**What you will do**
Omitting all pictures, retype the entries below exactly as given.

*** Opening Extracted entries ***

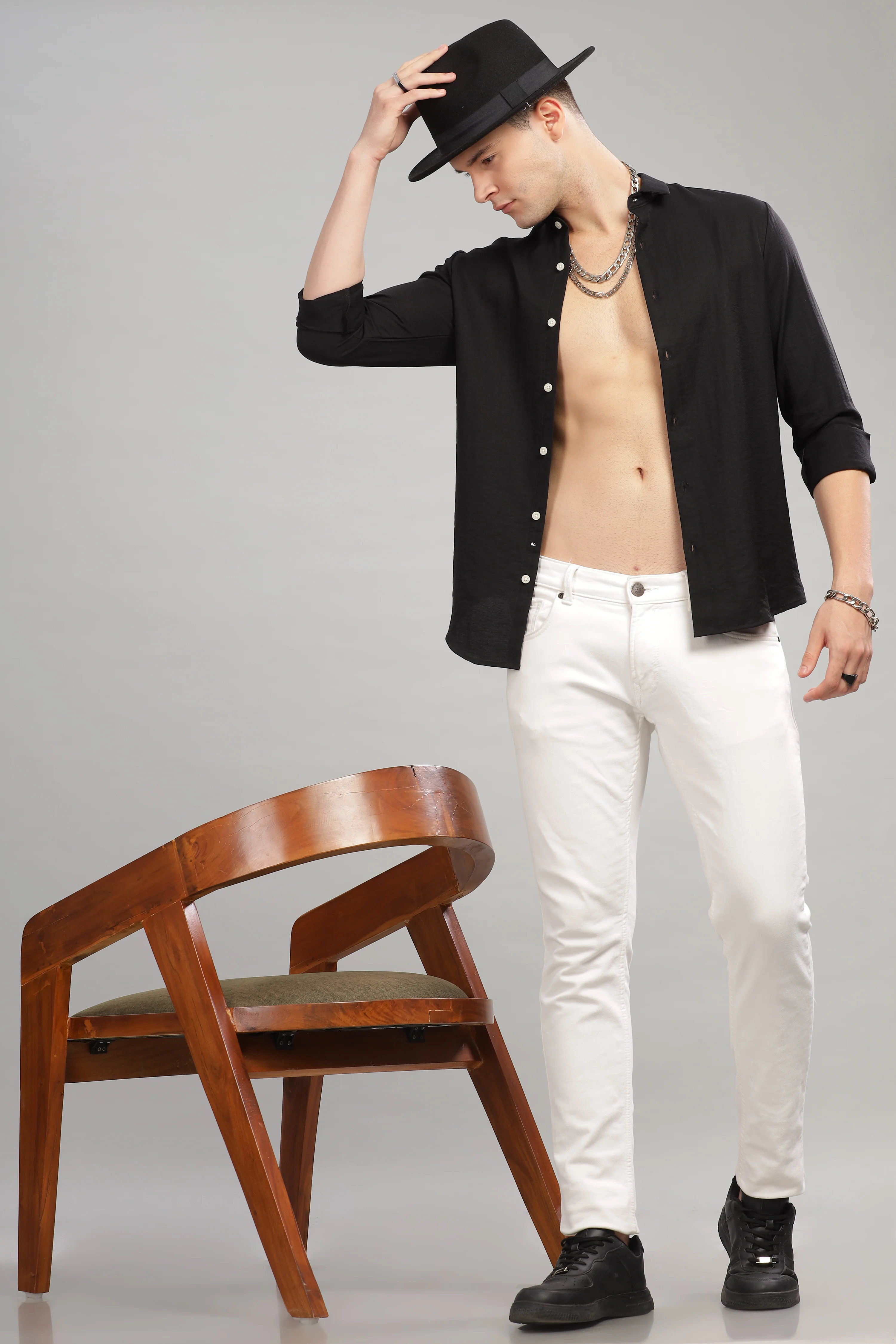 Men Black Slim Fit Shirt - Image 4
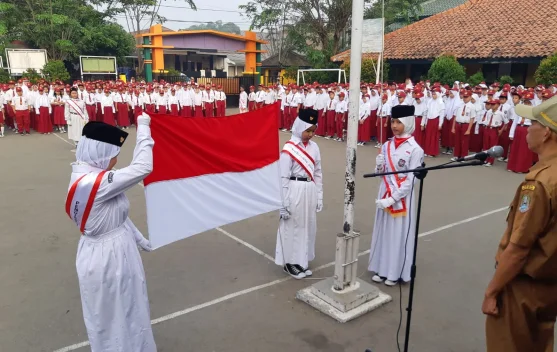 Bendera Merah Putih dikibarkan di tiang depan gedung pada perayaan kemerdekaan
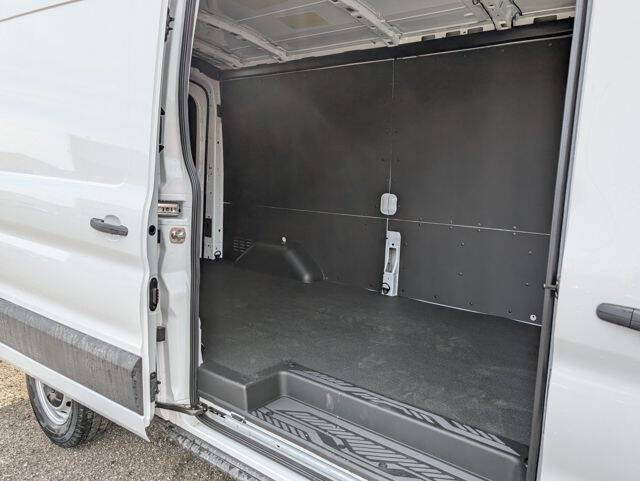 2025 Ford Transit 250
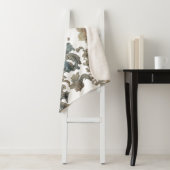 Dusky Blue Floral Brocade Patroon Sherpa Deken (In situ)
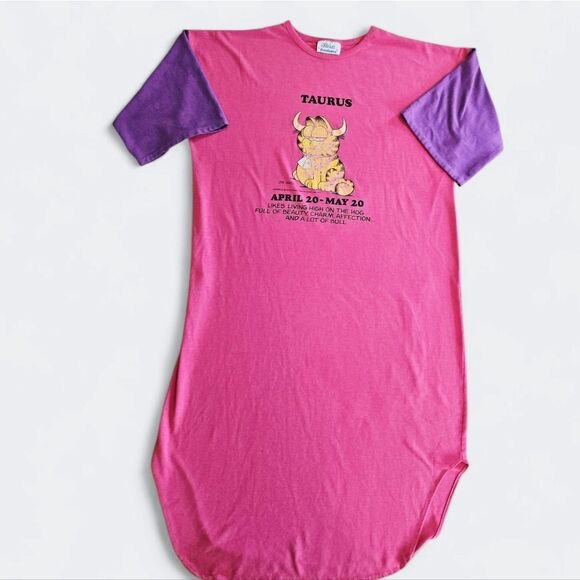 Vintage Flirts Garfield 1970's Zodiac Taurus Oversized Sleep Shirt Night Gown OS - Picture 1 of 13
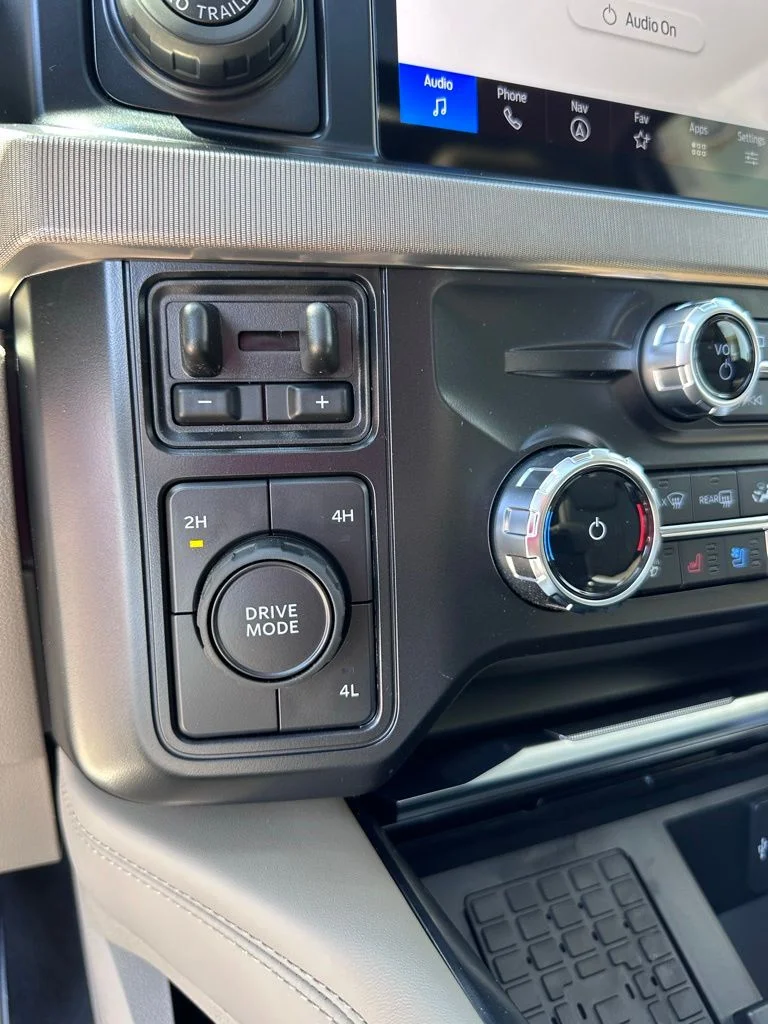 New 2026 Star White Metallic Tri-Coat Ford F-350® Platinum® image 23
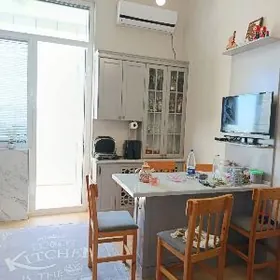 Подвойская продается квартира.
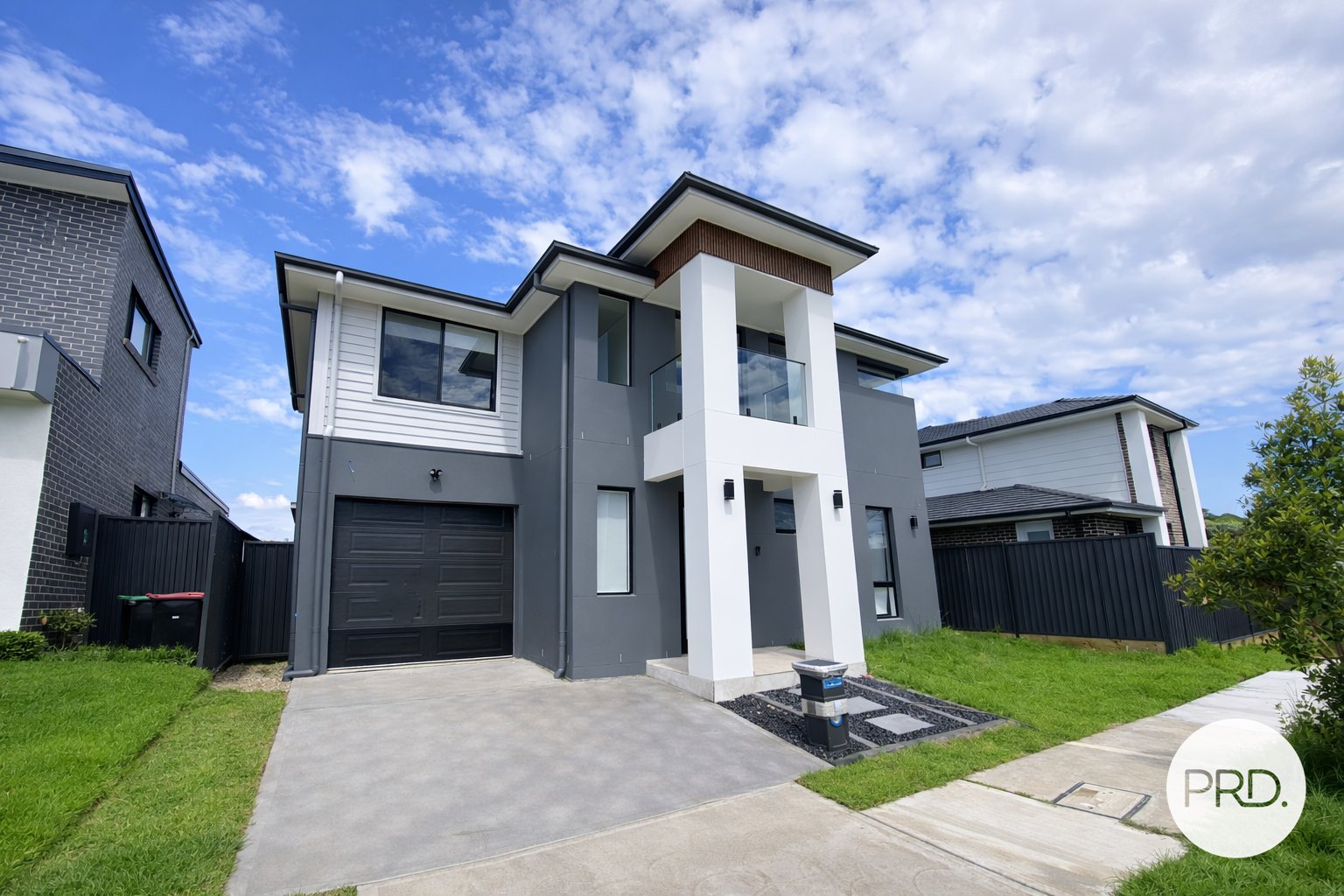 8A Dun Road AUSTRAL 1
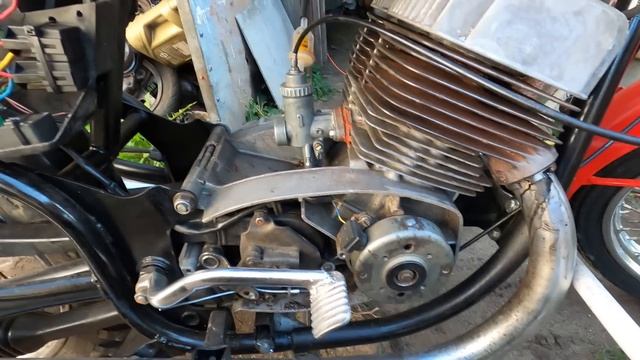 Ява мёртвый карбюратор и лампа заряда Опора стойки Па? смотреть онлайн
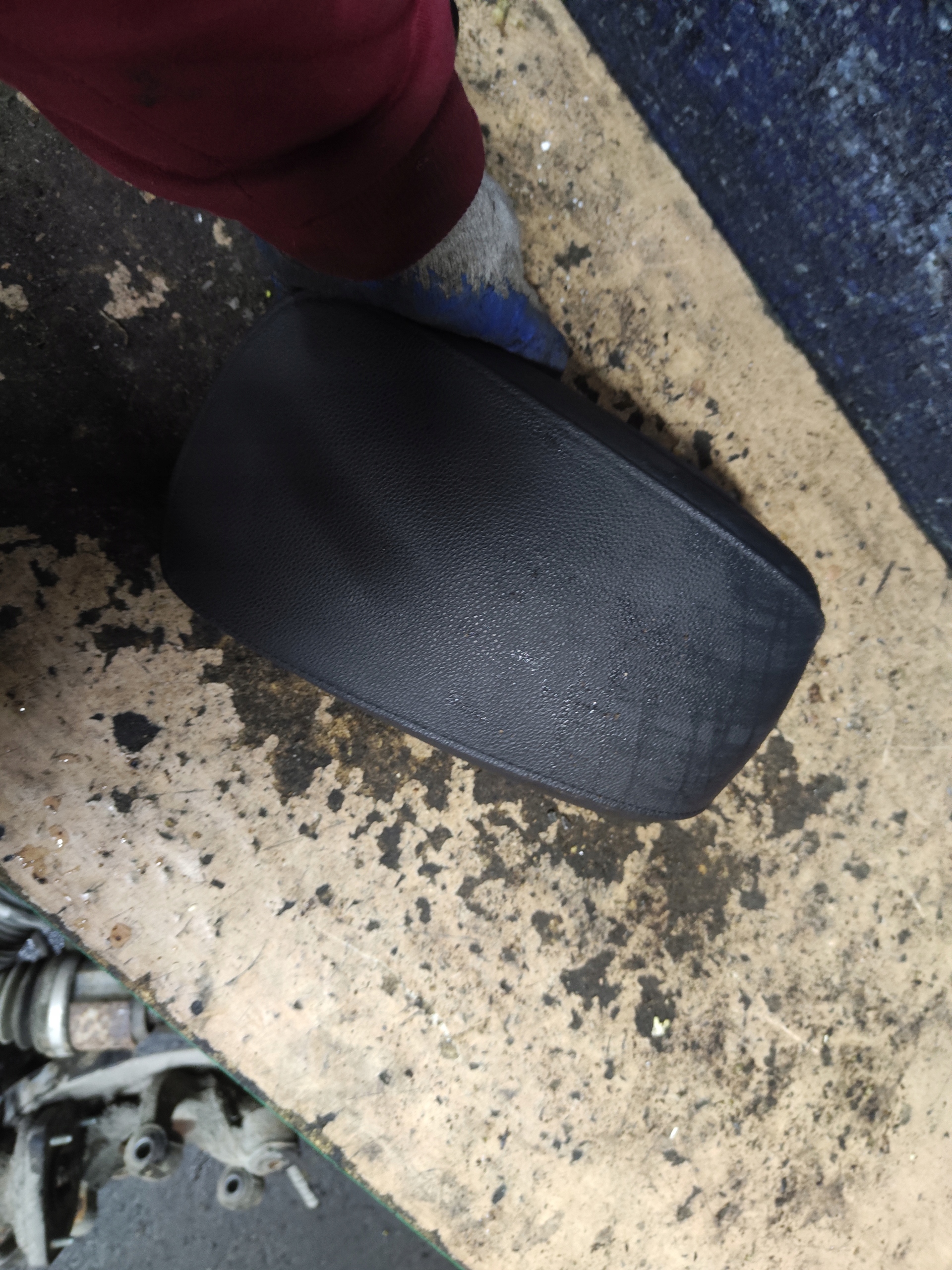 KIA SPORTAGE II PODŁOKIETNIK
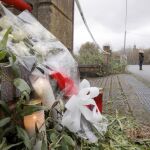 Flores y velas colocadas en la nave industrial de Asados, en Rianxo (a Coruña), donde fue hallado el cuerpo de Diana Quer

*** Closing Extracted entries ***

**Result**
 Men Black Slim Fit Shirt - Image 4
 Bendera Merah Putih dikibarkan di tiang depan gedung pada perayaan kemerdekaan
 2025 Ford Transit 250
 Dusky Blue Floral Brocade Patroon Sherpa Deken (In situ)
 Vintage Flirts Garfield 1970's Zodiac Taurus Oversized Sleep Shirt Night Gown OS - Picture 1 of 13
 New 2026 Star White Metallic Tri-Coat Ford F-350® Platinum® image 23
 Подвойская продается квартира.
 8A Dun Road AUSTRAL 1
 Ява мёртвый карбюратор и лампа заряда Опора стойки Па? смотреть онлайн
 KIA SPORTAGE II PODŁOKIETNIK
 Flores y velas colocadas en la nave industrial de Asados, en Rianxo (a Coruña), donde fue hallado el cuerpo de Diana Quer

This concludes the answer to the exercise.